Looking closer at reported mode use changes, the overall trends are that all subgroups used car less and walked more. The two car-owning subgroups reduced their private car use; 95% of Car shedders and 53% of Economizers reported using their car considerably more seldom than before the trial (see Fig. 1b). The Car shedders appear to have spread their former car trips across all other available modes, while the Economizers primarily used more PT (60%), which may be due to their joining to get access to cheaper PT. They also used more carsharing and walked more, but less private bicycling. A large proportion of the Car accessors increased their use of carsharing (78%) as well as rental cars (30%) but reduced private car use (37%), a result of not borrowing cars from friends and family anymore. At the same time many of them increased their use of PT (41%), walking (18%), bicycle-sharing (28%), and private bicycle (17%), even if some participants reported less use of these active modes. The fourth subgroup, Simplifiers, is the most split subgroup in the sense that they changed behavior but not in a uniform way; one share increased their use of most modes while another share decreased their use.

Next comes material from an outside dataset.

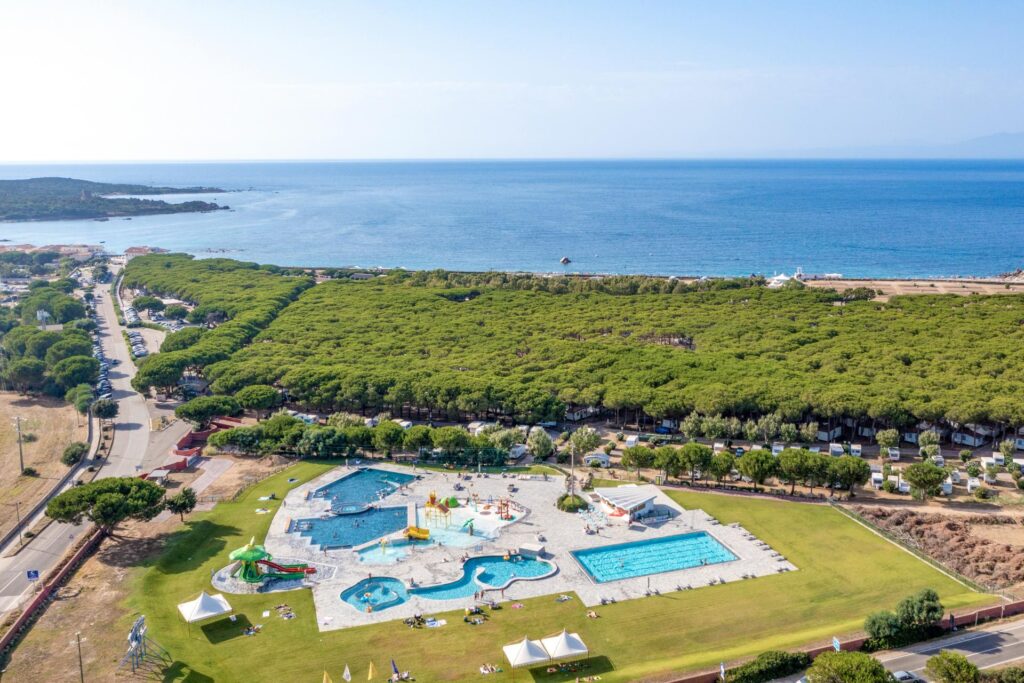 kemping na Sardynii Village Baia Blu La Tortuga położony jest bezpośrednio przy plaży (fot. Baia Holiday)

(Mis)matches between expectations and changes

Even if many of the changes described are in line with the participants’ expected changes, the interviews showed that they did not fully match. The in-itinere questionnaire confirmed this; most participants did not experience a modal shift or travel pattern change to the degree expected. For some this meant changing more than expected, and for others it meant changing less (see summary Table 2). Some reinforced their existing behaviors but in ways they did not envisage, depending on their ex-ante goals. The two main identified mismatches are lower than expected car use, and higher than expected PT and active mode use.

Lower than expected car use

The discrepancy between expected and actual change is especially noticeable concerning car use. Car shedders, who used their car regularly before the FOT, reduced their car use well beyond their expectations: We had heaps of car credits left. I approximated for a greater need that wasn’t there in the end. We had already reduced car driving to a minimum, or so we thought…So yes, I knew we would change our travel behavior but not to this extreme. One reason was that the car was not sitting outside, ready and waiting, as usual: You notice if the car is sitting out there [in the parking lot], then travel behavior changes, it does. By not having private car access, participants felt they could escape the lock-in effects it created: You get pretty comfortable when you have a car. Not having one gives you different opportunities … moving your body a bit more and so, bicycling, walking, and public transport too, for that matter. Another explanation was that this subgroup came to realize how well the PT system actually worked and they discovered that it covered trips for which they initially believed they needed a car.

Before the FOT, Car accessors imagined they would be using carsharing for various new types of trips. Some imagined practical trips: Now that we had UbiGo we thought ‘well, let’s go grocery shopping with the Sunfleet-car’ but we never did actually, while others planned more social trips: We thought we would take the car out to our parents’ houses for Sunday dinner and such, but that didn’t happen. As the participants did not make those imagined trips, they did not use cars as much as expected. The participants’ reason for not making these trips were that they were not in the habit of making them with a car, that they did not have time, or that the trips were not part of the plan: Maybe the reason is that you already have an established way of planning; that you plan everyday life. It maybe says a lot about that you’re not as car dependent as you think. Others discovered that car was not the best option which they had initially thought …and then we have done a lot of things where we didn’t even need the car. It has been unnecessary since [PT] has been just as easy. The car costs a bit more and has higher environmental impact so then you use public transport anyway. Still, they appreciated the access they gained: I haven’t really used carsharing at all, really, but it was still nice to know that it was available.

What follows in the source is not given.